An early result in the study of human dynamic systems is the claim that response times to email follow a power law distribution (http://cds.cern.ch/record/613536/). This result has been built on by others (http://www.uvm.edu/~pdodds/files/papers/others/2004/johansen2004.pdf, http://dx.doi.org/10.1103/physreve.83.056101). However, Clauset, Shalizi, and Newman (citation needed) have challenged the pervasive use discovery of powerlaws, claiming that these studies often depend on unsound statistics.

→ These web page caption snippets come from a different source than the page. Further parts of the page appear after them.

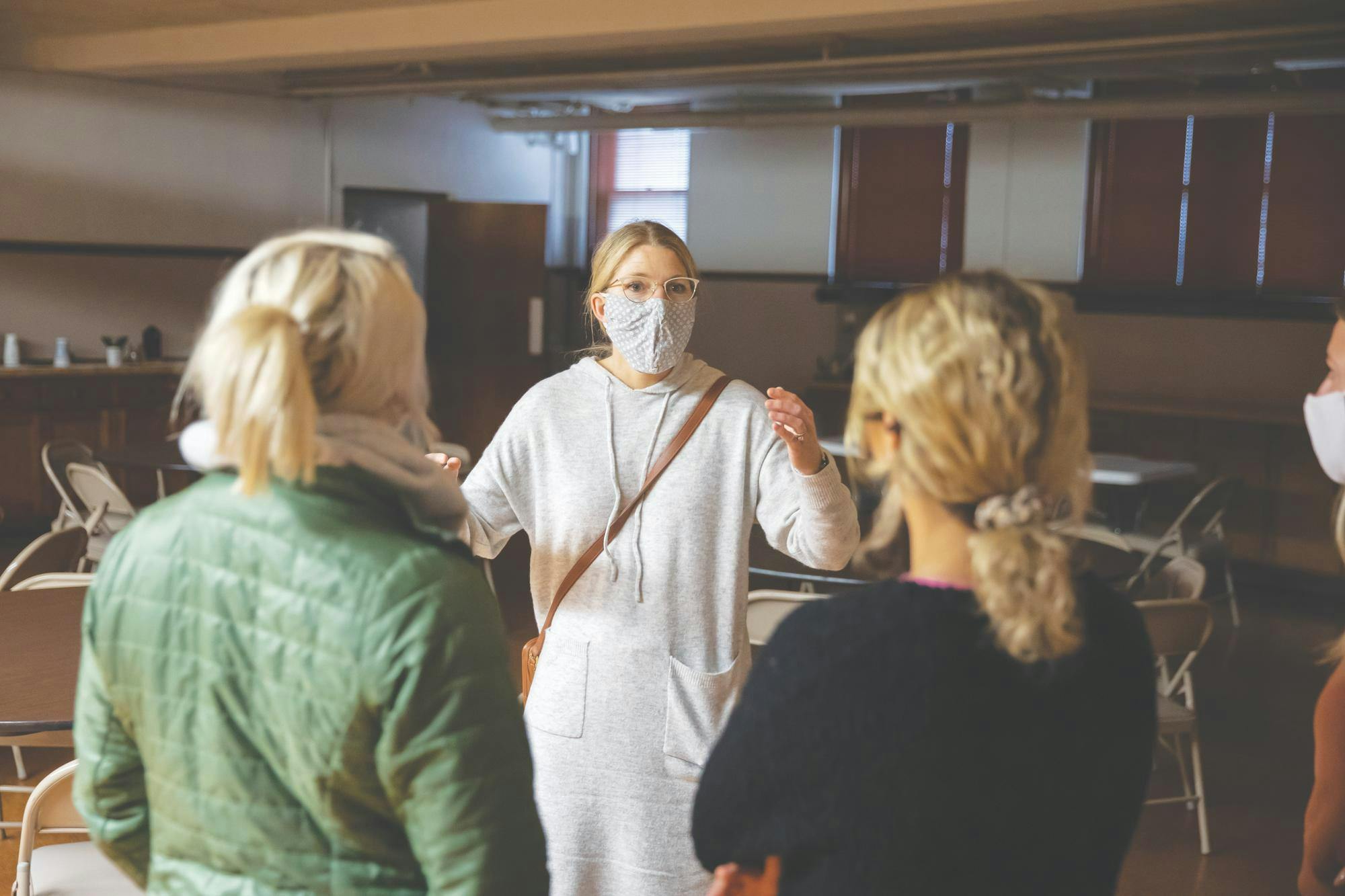  Associate Professor of Interior Design Sarah Anne Alfaro speaks with her students at Riverside United Methodists Church (now under new ownership and called Brea Church) during the Fall 2021 iteration of the Using Space in Places of Worship immersive learning project. The project combined interior design and construction management students to work as consultants for religious spaces. Ball State Immersive Learning, Photo Provided
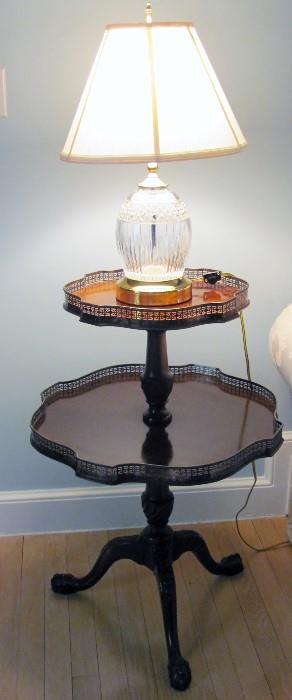 Double tiered table with silvered edges. Most unusual. Waterford lamp.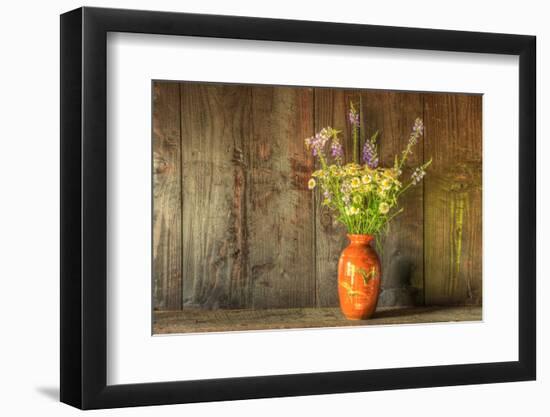Retro Style Still Life of Dried Flowers in Vase against Worn Wooden Background-Veneratio-Framed Photographic Print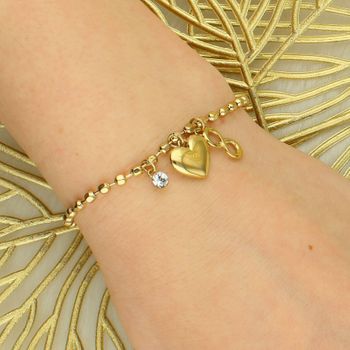 Bransoletka damska Brosway Chakra BHKLE06 – stal pozłacana z sercem i znakiem nieskończoności serce.jpg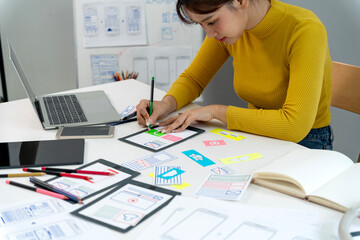 Asian young adult woman designer creating user interface experience prototypes with sketch mockups at home office for new mobile application development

Here we apply the method of power law distribution fitting and testing to the email response times of several public mailing lists.



In [1]:

    
from bigbang.archive import Archive
import pandas as pd

arx = Archive("ipython-dev",archive_dir="../archives")
print arx.data.shape



In [2]:

    
arx.data.drop_duplicates(subset=('From','Date'),inplace=True)

We will look at messages in our archive that are responses to other messages and how long after the original email the response was made.



In [3]:

    
response_times = []



In [4]:

    
response_times = []
for x in list(arx.data.iterrows()):
    if x[1]['In-Reply-To'] is not None:
        try:
            d1 = arx.data.loc[x[1]['In-Reply-To']]['Date']
            
            if isinstance(d1,pd.Series):
                d1 = d1[0]
            
            d2 = x[1]['Date']
            
            rt = (d2 - d1)
            
            response_times.append(rt.total_seconds())
        
        except AttributeError as e:
            print e
        except TypeError as e:
            print e
        except KeyError as e:
            # print e -- suppress error
            pass



In [5]:

    
len(response_times)









    Out[5]:





11696



In [6]:

    
import matplotlib.pyplot as plt
%matplotlib inline



In [7]:

    
plt.semilogy(sorted(response_times,reverse=True))









    Out[7]:





[<matplotlib.lines.Line2D at 0x7ff3fea8c750>]



In [9]:

    
import powerlaw

f = powerlaw.Fit(response_times)
print f.power_law.alpha
print f.xmin
print f.D
R, p = f.distribution_compare('power_law', 'lognormal')
print R,p









    



1.74259853197
27753.0
0.018193948838
-5.13102609753 0.0552301041786






    



Calculating best minimal value for power law fit

We conclude that there is no reason to maintain that there is a power law distribution of email response times.



In [ ]: